> [DATA SUPPLIED]:
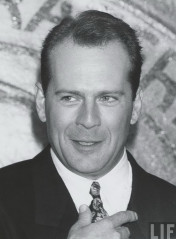 Bruce Willis фото №192597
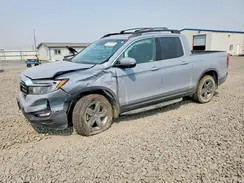 5FPYK3F79NB032867 2022 HONDA RIDGELINE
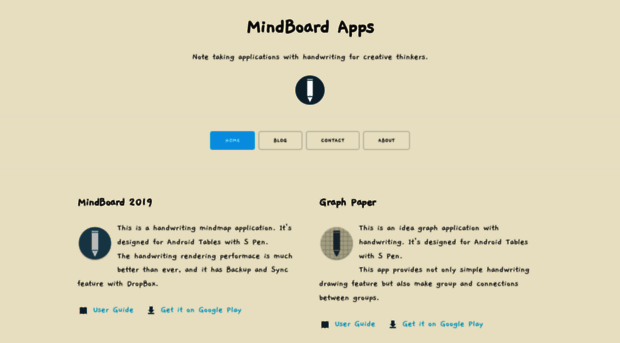 mindboardapps.com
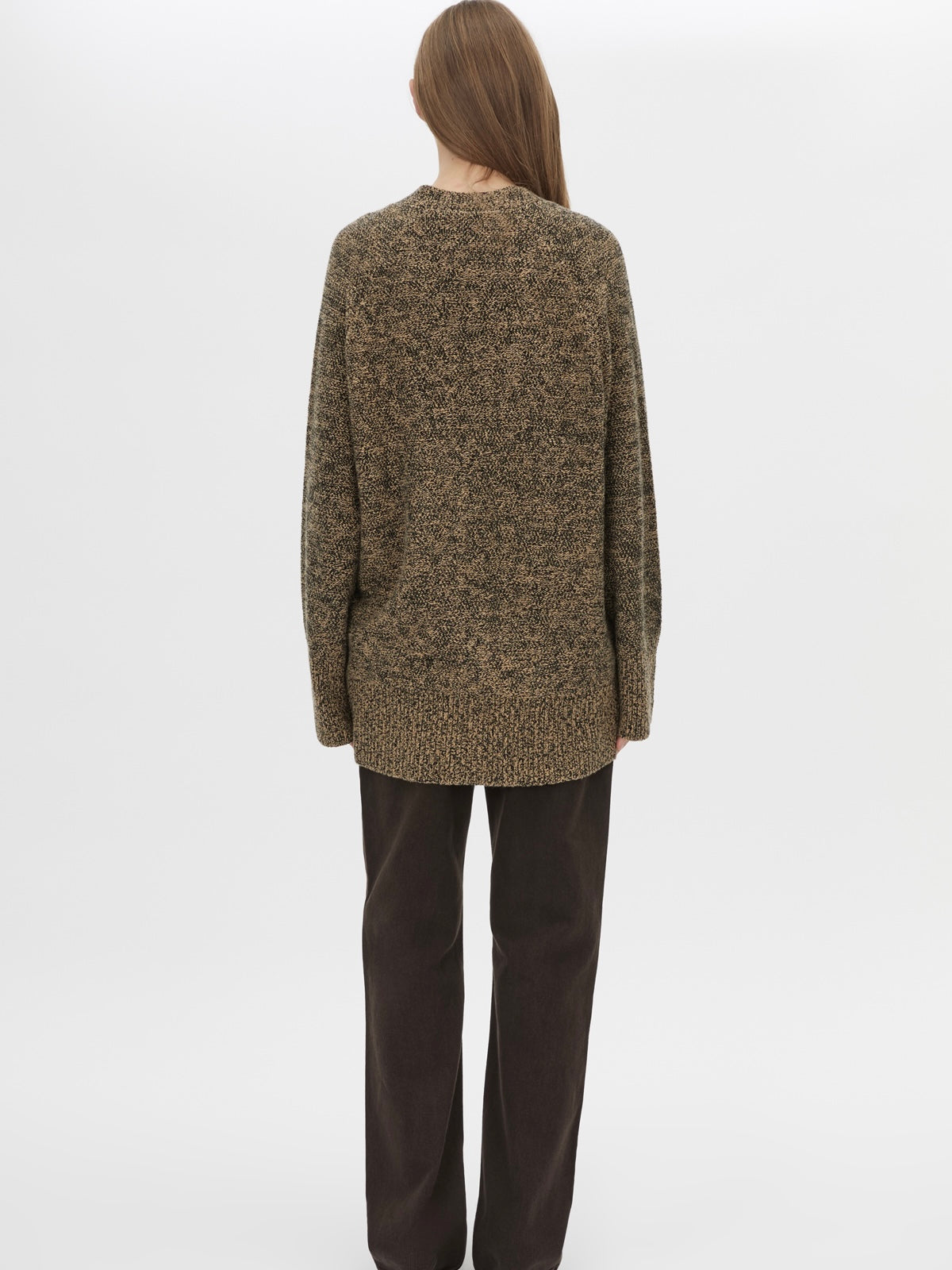 Hai Knit Boyfriend Cardigan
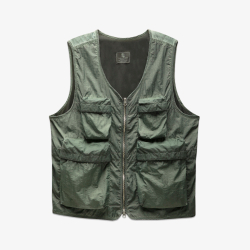 NLN_GMD_VST Metal Effect Green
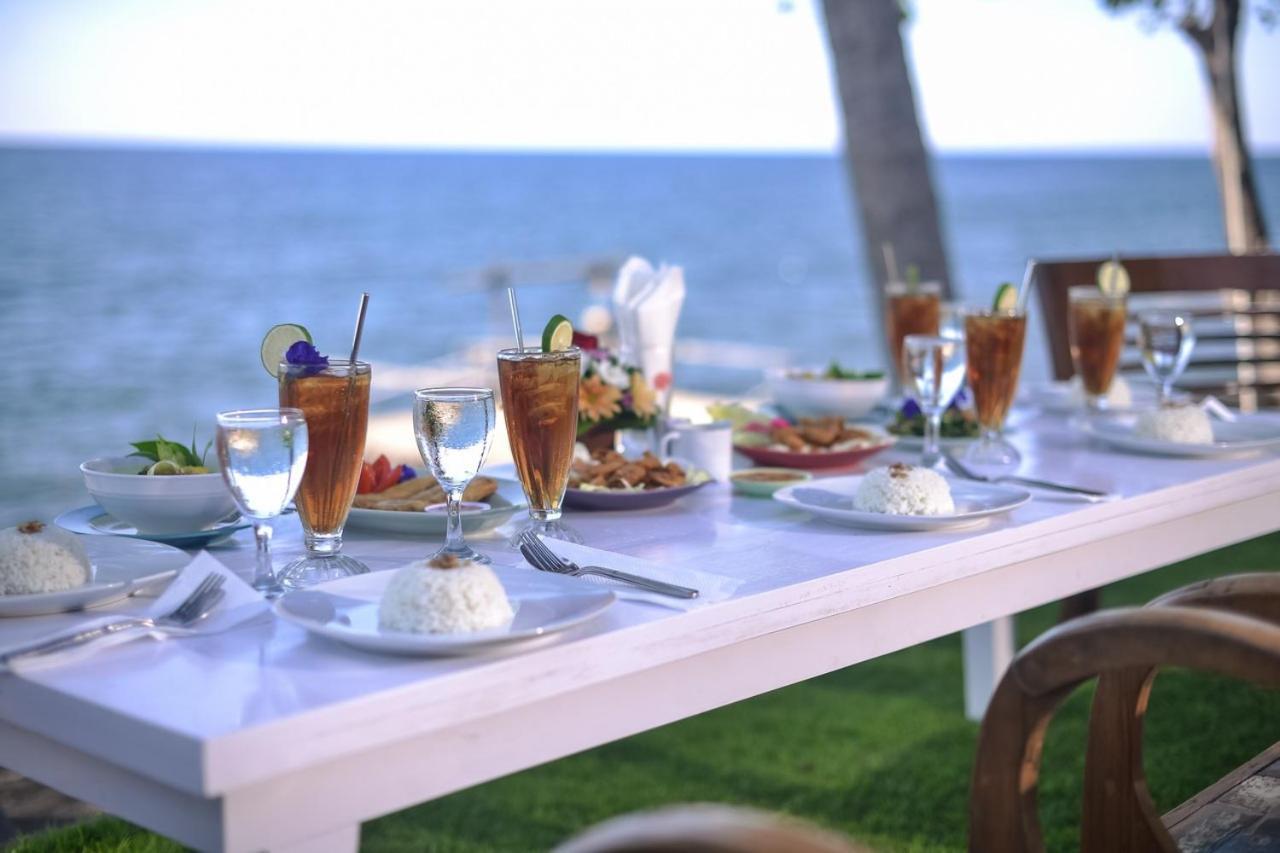 Mojito Beach Villas Kubutambahan  Екстер'єр фото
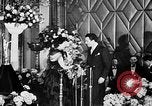 Image British National Film Awards London England Royaume-Uni, 1946, de la seconde 20 séquences d'archives historiques vidéo 65675056212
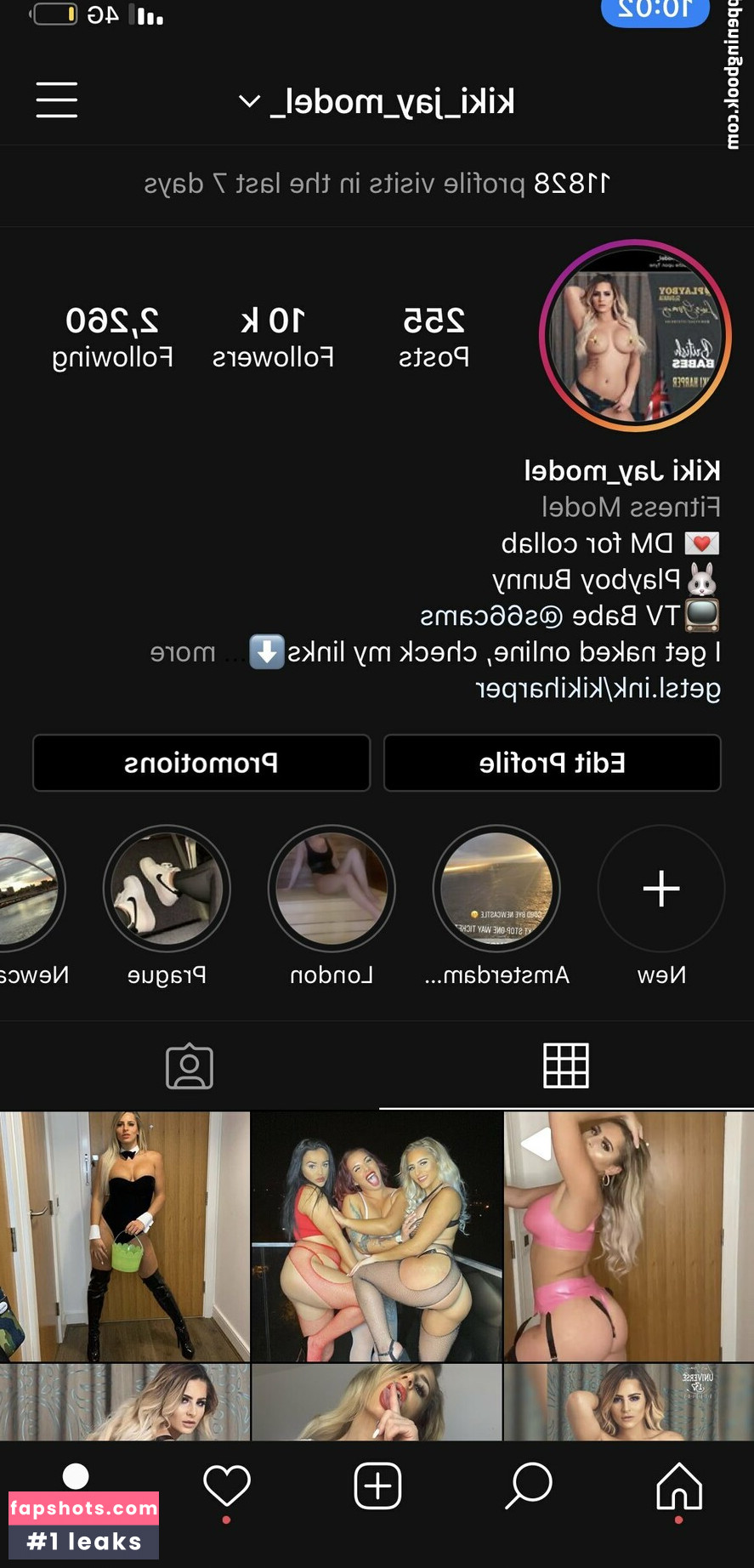 britishkikijayfree Nude Leaks OnlyFans Photos #27 - LeakJerk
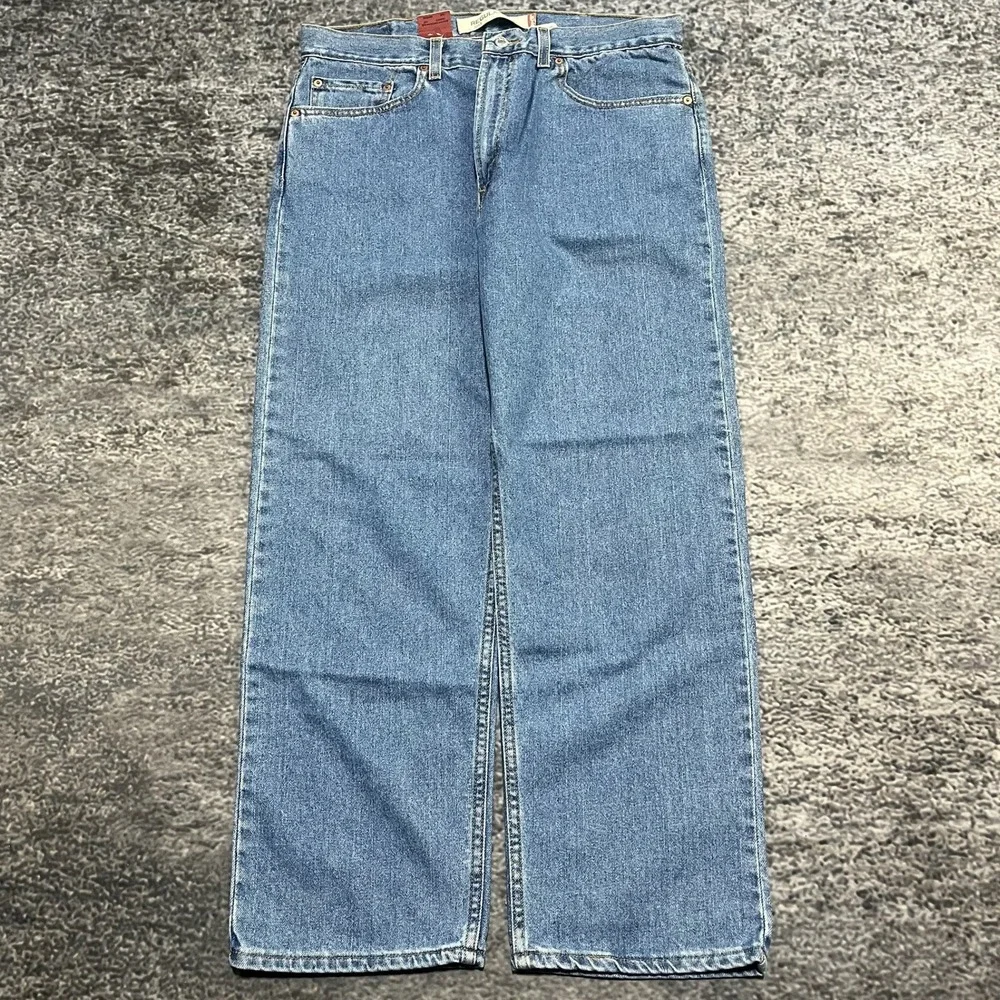 Levis new vintage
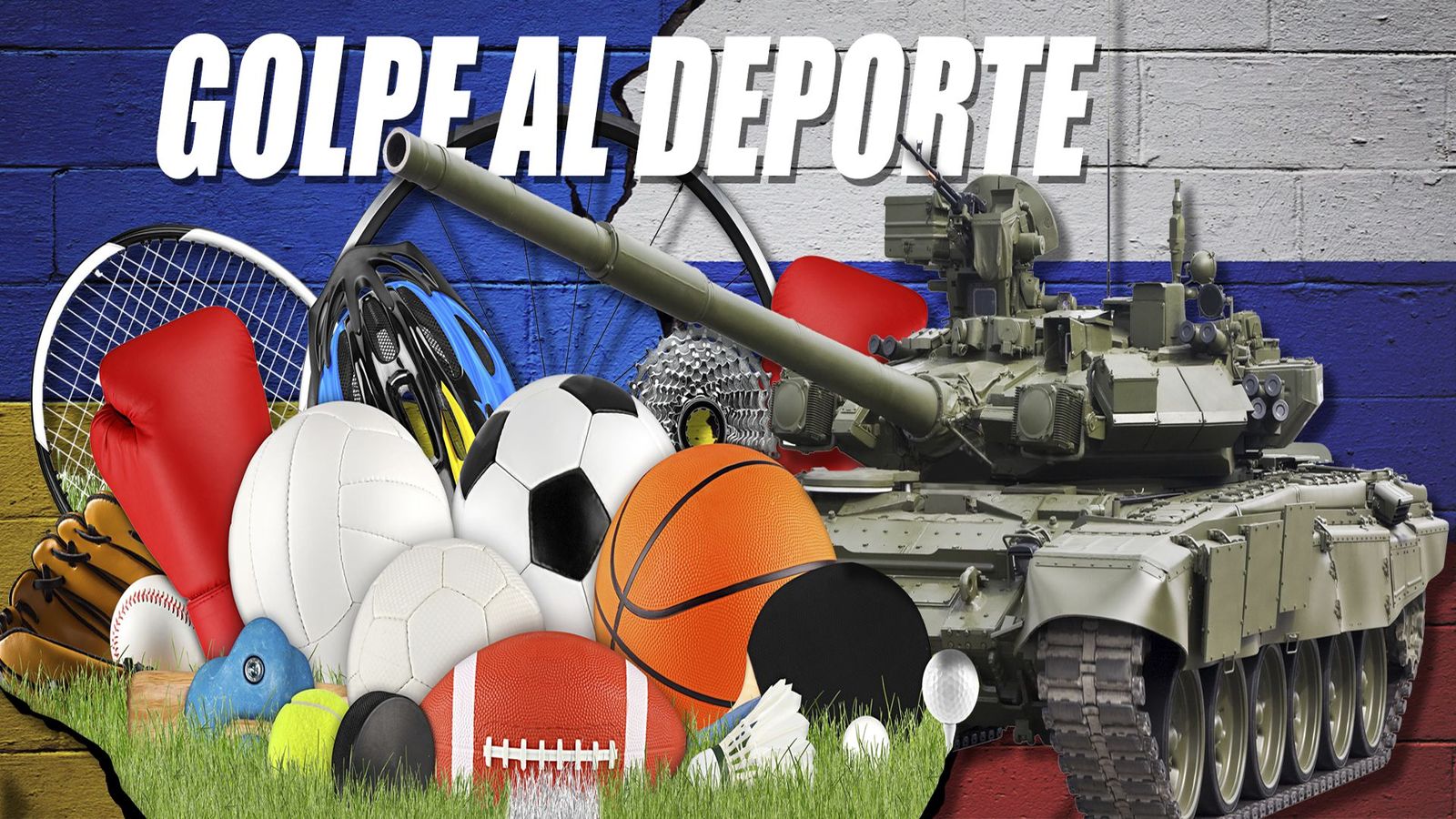 Guerra en Ucrania
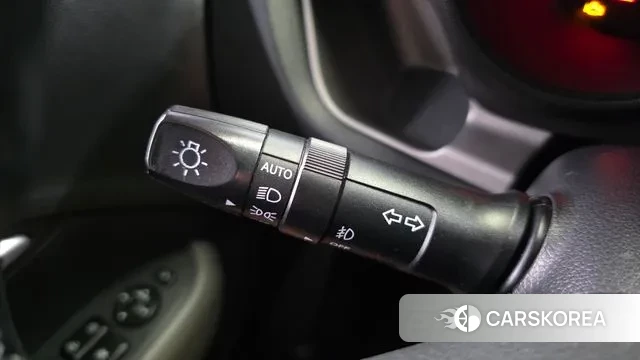 Kia The New Ray id 3028228 из Кореи 9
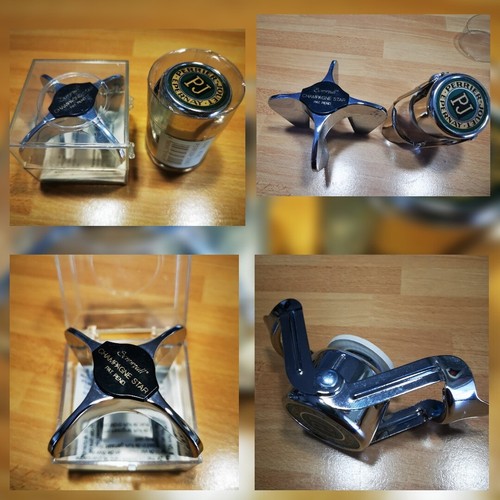 Tappo per champagne - , vintage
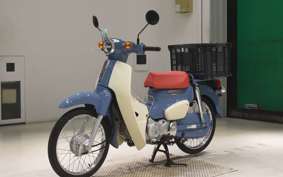 HONDA C50 SUPER CUB 2022 AA09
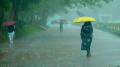 দেশের বিভিন্ন স্থানে বৃষ্টির সম্ভাবনা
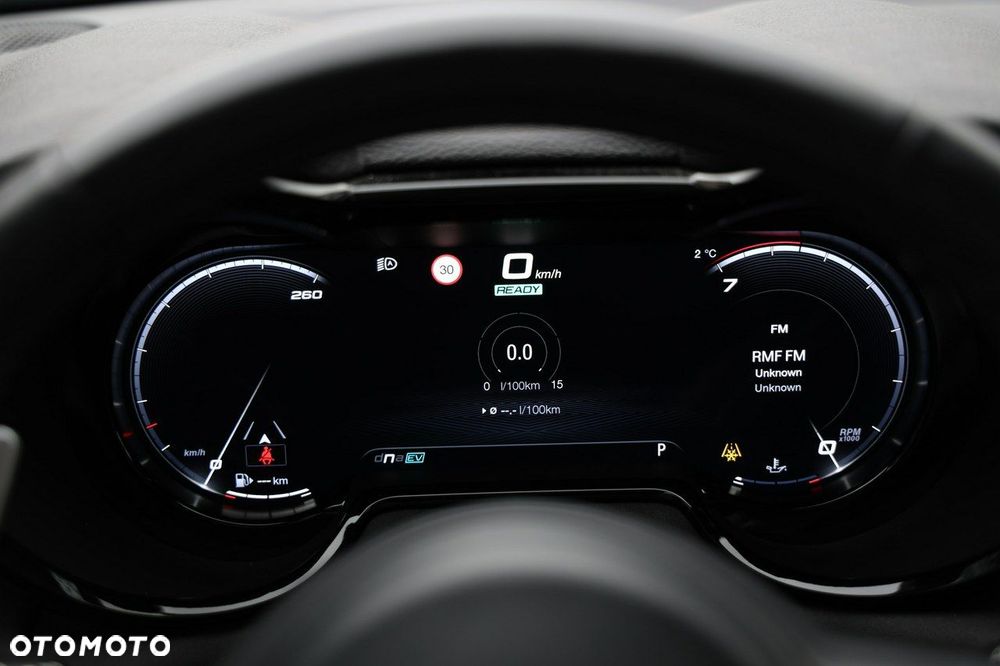 Alfa Romeo Tonale - 16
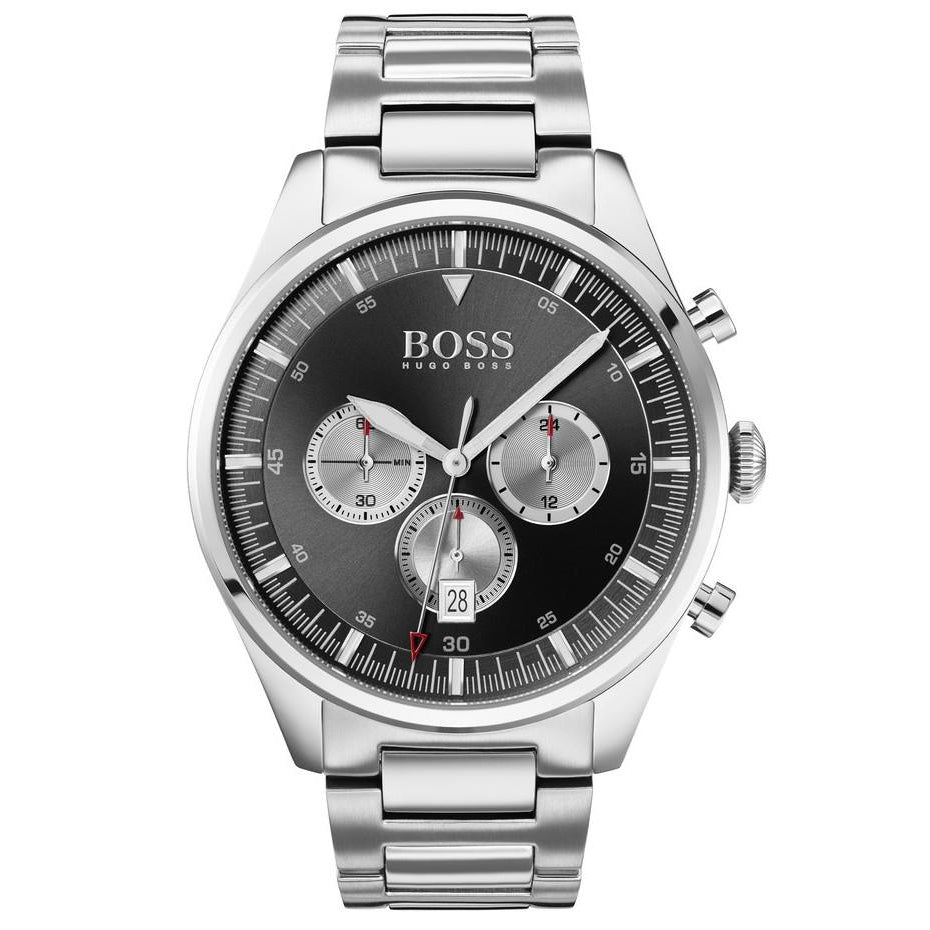 HUGO BOSS 1513712 - WatchDNA | Connecting a network of jewellers with watch enthusiasts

> [WHAT YOU ARE ASKED TO DO]:
Copy out the material above in full and exactly, but with no pictures.

> [OUTPUT BELOW]:
 Bruce Willis фото №192597
 5FPYK3F79NB032867 2022 HONDA RIDGELINE
 mindboardapps.com
 Hai Knit Boyfriend Cardigan
 NLN_GMD_VST Metal Effect Green
 Mojito Beach Villas Kubutambahan  Екстер'єр фото
 Image British National Film Awards London England Royaume-Uni, 1946, de la seconde 20 séquences d'archives historiques vidéo 65675056212
 britishkikijayfree Nude Leaks OnlyFans Photos #27 - LeakJerk
 Levis new vintage
 Guerra en Ucrania
 Kia The New Ray id 3028228 из Кореи 9
 Tappo per champagne - , vintage
 HONDA C50 SUPER CUB 2022 AA09
 দেশের বিভিন্ন স্থানে বৃষ্টির সম্ভাবনা
 Alfa Romeo Tonale - 16
 HUGO BOSS 1513712 - WatchDNA | Connecting a network of jewellers with watch enthusiasts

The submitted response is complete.